_Work instructions_:
Write out, without any change, the lines in the material below that run from the line with "Chinoiserie Natural Sandalwood" through the line with "Romantic Basque Waist", both included.

_Data shown_:
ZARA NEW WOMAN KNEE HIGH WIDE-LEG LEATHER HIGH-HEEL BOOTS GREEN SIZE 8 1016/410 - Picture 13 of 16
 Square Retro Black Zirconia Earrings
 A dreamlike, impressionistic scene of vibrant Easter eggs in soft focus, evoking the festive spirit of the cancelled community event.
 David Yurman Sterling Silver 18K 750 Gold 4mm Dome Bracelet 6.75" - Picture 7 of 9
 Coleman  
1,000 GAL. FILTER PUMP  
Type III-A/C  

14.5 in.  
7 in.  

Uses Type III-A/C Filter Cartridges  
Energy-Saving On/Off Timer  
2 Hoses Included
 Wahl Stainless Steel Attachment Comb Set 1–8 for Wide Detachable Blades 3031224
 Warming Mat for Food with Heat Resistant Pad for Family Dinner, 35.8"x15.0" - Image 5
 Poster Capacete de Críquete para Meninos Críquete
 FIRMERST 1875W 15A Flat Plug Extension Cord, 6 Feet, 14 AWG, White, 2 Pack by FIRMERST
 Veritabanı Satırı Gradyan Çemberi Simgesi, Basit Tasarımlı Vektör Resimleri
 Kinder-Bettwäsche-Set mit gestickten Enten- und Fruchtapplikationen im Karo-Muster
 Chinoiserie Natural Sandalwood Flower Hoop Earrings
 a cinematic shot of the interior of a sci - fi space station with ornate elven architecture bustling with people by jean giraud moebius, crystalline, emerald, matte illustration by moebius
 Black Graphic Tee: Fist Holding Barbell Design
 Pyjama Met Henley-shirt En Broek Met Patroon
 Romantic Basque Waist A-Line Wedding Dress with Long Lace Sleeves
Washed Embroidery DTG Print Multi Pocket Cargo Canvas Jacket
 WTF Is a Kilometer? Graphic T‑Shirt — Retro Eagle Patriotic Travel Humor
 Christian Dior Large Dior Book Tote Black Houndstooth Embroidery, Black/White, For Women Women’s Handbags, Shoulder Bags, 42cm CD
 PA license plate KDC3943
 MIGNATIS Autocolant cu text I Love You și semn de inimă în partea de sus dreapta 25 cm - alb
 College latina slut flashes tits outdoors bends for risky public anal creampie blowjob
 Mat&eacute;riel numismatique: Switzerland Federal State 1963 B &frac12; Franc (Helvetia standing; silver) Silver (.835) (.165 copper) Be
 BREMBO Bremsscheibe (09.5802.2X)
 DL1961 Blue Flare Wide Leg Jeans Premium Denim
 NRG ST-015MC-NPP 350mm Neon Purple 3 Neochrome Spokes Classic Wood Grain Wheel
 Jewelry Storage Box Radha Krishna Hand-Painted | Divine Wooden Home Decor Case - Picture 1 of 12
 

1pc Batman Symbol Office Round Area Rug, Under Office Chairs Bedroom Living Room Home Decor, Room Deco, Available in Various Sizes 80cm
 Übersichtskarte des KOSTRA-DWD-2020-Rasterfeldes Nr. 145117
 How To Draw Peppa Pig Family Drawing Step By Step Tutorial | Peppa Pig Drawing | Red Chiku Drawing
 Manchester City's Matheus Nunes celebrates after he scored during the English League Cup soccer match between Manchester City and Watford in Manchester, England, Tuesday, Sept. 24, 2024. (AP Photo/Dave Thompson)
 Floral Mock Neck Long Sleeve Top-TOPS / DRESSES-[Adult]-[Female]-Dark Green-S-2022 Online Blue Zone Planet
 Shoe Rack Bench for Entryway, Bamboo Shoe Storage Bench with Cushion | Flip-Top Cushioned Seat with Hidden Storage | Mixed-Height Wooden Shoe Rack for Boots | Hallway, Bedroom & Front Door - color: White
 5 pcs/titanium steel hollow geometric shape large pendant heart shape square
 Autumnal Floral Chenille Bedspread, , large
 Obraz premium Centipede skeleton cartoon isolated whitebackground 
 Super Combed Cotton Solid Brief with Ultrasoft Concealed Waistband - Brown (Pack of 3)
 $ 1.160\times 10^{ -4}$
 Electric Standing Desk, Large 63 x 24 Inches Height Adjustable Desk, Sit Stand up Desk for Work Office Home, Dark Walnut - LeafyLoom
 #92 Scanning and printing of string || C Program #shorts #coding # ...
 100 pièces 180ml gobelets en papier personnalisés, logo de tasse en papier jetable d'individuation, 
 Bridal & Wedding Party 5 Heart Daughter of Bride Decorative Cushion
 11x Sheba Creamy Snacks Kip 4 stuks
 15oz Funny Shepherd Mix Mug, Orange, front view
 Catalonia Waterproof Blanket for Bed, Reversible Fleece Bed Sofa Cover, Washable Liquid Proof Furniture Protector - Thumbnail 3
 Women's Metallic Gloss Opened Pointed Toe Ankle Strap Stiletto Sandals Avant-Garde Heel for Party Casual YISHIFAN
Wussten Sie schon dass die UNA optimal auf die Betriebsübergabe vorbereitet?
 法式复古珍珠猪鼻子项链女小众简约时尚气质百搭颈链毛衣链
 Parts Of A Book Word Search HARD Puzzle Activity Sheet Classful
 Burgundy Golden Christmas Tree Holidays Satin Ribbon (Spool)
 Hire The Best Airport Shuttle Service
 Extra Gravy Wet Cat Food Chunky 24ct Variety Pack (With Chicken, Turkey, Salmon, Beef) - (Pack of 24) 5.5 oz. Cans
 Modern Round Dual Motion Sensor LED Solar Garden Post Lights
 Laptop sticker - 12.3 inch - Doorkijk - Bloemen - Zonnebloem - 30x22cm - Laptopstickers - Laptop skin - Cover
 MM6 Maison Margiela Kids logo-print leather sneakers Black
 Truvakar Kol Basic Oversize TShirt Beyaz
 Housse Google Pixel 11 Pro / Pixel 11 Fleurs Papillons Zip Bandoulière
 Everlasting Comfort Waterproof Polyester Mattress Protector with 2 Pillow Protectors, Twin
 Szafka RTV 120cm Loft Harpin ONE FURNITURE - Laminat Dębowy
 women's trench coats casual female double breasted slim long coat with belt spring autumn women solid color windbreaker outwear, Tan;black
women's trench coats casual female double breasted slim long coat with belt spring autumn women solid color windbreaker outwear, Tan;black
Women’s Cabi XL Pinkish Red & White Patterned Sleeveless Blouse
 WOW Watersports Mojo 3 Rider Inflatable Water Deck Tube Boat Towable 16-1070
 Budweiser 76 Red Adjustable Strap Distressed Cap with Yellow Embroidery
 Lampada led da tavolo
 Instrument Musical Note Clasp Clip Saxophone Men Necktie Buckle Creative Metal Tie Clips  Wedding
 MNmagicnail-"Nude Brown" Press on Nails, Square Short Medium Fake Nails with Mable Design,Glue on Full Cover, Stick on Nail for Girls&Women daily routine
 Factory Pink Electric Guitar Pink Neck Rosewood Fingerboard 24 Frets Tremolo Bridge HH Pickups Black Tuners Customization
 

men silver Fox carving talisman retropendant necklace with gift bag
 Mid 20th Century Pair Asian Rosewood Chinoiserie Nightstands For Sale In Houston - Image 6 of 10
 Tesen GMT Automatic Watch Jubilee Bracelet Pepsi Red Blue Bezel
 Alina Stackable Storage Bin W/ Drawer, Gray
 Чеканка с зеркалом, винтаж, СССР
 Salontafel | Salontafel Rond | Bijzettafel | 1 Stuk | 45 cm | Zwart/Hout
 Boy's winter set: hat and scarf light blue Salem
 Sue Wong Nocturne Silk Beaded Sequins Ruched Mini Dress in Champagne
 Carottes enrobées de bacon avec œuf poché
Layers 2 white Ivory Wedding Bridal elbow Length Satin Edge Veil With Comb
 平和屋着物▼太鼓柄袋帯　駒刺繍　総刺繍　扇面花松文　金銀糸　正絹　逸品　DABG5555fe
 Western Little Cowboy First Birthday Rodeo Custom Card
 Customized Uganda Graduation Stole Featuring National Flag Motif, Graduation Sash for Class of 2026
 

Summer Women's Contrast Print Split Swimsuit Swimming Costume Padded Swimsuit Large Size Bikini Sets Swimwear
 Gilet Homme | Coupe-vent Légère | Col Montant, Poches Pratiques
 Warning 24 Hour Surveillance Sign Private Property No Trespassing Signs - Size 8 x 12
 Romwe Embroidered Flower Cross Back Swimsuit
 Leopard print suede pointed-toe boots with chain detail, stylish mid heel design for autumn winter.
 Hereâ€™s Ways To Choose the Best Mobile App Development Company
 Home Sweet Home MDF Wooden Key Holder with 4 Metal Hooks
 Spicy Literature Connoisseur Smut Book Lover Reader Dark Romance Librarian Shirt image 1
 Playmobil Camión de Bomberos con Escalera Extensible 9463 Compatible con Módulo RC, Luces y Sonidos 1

_Result of the exercise_:
 Chinoiserie Natural Sandalwood Flower Hoop Earrings
 a cinematic shot of the interior of a sci - fi space station with ornate elven architecture bustling with people by jean giraud moebius, crystalline, emerald, matte illustration by moebius
 Black Graphic Tee: Fist Holding Barbell Design
 Pyjama Met Henley-shirt En Broek Met Patroon
 Romantic Basque Waist A-Line Wedding Dress with Long Lace Sleeves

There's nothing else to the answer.